[Input records]

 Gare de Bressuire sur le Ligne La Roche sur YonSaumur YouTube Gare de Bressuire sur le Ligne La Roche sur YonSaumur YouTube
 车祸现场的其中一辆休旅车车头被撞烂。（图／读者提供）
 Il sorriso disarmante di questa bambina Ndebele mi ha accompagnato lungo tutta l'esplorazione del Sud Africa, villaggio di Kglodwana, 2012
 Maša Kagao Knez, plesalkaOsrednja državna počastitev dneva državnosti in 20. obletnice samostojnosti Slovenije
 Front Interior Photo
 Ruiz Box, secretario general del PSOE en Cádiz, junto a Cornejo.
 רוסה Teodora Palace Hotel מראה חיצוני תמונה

[/Input records]
[Input records]

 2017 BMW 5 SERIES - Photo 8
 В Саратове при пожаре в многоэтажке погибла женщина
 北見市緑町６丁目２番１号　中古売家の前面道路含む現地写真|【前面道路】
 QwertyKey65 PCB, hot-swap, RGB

[/Input records]

Assignment:
Look through the material above and print exactly the lines from the one containing "Il sorriso disarmante" to the one containing "רוסה Teodora Palace Hotel מראה חיצוני תמונה", both included, and nothing more.

Worked solution:
 Il sorriso disarmante di questa bambina Ndebele mi ha accompagnato lungo tutta l'esplorazione del Sud Africa, villaggio di Kglodwana, 2012
 Maša Kagao Knez, plesalkaOsrednja državna počastitev dneva državnosti in 20. obletnice samostojnosti Slovenije
 Front Interior Photo
 Ruiz Box, secretario general del PSOE en Cádiz, junto a Cornejo.
 רוסה Teodora Palace Hotel מראה חיצוני תמונה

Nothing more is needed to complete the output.